This is a Plain English Papers summary of a research paper called New Dataset: Boost Chinese Speech Recognition with Lip-Reading & Slides!. If you like these kinds of analysis, you should join AImodels.fyi or follow us on Twitter.

Enhancing Speech Recognition With Multiple Visual Cues

Automatic Speech Recognition (ASR) systems face numerous challenges in real-world scenarios, from background noise to specialized terminology. While incorporating visual modalities has proven beneficial, most existing approaches use either lip-reading information or contextual visuals, but rarely both. The new Chinese-LiPS dataset addresses this gap by integrating both lip-reading and presentation slides to create a comprehensive multimodal approach to speech recognition.

The research introduces both a high-quality dataset and a simple yet effective pipeline called LiPS-AVSR. This combination leverages lip movements and slides to achieve remarkable improvements in ASR performance. By combining these complementary visual sources, the system achieves a 35% improvement in recognition accuracy compared to audio-only approaches.

Dataset Speakers Duration(h) Language Lip-reading Video Contextual-cues(Slides/Video) Year Available
LRW [12] $1000+$ - English $\checkmark$ - 2018 Y
LRS [13] - - English $\checkmark$ - 2017 N
LRS2-BBC [3] - 200 English $\checkmark$ - 2018 Y
LRS3-TED [14] - 400 English $\checkmark$ - 2018 Y
LRW-1000 [15] $2000+$ 57 Chinese $\checkmark$ - 2018 Y
CMLR [16] - - Chinese $\checkmark$ - 2019 Y
CN-Celeb-AV [17] 1,136 669 Chinese $\checkmark$ - 2023 Y
CN-CVS [18] 2,557 $300+$ Chinese $\checkmark$ - 2023 Y
How2 [19] - 2000 Eng&Por - $\checkmark$ (instructional videos) 2018 Y
VisSpeech [7] - 0.6 English - $\checkmark$ (Youtube videos) 2022 Y
SlideSpeech [9] - $1000+$ English - $\checkmark$ (presentation slides) 2023 Y
SlideAVSR [8] 220 36 English - $\checkmark$ (Youtube videos) 2024 Y
AVNS [20] - $30+$ English - $\checkmark$ (background scenes) 2024 Y
3-Equations [21] - 25.2 English $\checkmark$ $\checkmark$ (3-lines math formula) 2024 Y
Chinese-LiPS(ours) 207 100 Chinese $\checkmark$ $\checkmark$ (presentation slides) 2024 Y

Comparison of Existing AVSR Datasets, Highlighting Lip-Reading and Contextual Information Availability

Unlike previous datasets like XLAVs-R, which focuses on cross-lingual challenges, Chinese-LiPS is specifically designed to combine multiple visual sources for Chinese speech recognition.

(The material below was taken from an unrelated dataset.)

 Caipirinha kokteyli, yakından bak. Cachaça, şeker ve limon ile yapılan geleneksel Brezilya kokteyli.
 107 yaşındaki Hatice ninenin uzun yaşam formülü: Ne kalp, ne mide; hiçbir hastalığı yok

The Power of Lip-Reading in AVSR

Lip-reading provides one of the most accessible visual modalities for Audio-Visual Speech Recognition (AVSR). It captures articulation details like mouth movements and naturally synchronizes with audio timing. This makes it particularly valuable for understanding speech in challenging conditions.

Several English datasets have pioneered this approach, including LRW from television shows and the LRS series from BBC broadcasts and TED talks. For Chinese, datasets like CMLR and CN-CVS have been gathered from news broadcasts and diverse real-world settings.

Researchers have developed multiple approaches to leverage these datasets. Auto-AVSR and Whisper-Flamingo use feature fusion and cross-attention to integrate lip-reading with speech data. AV-HuBERT employs self-supervised learning to unify audio and visual information, significantly enhancing recognition performance. Advanced techniques like those in Target Speaker Lipreading by Audio-Visual Self-Attention further demonstrate how visual attention mechanisms can improve recognition of specific speakers.

Beyond Lips: Semantic Visual Context for Speech Understanding

While lip-reading focuses on articulation, semantic visual contextual cues provide complementary information that can further enhance ASR. These cues include presentation slides, background scenes, and other visual context that help disambiguate spoken content.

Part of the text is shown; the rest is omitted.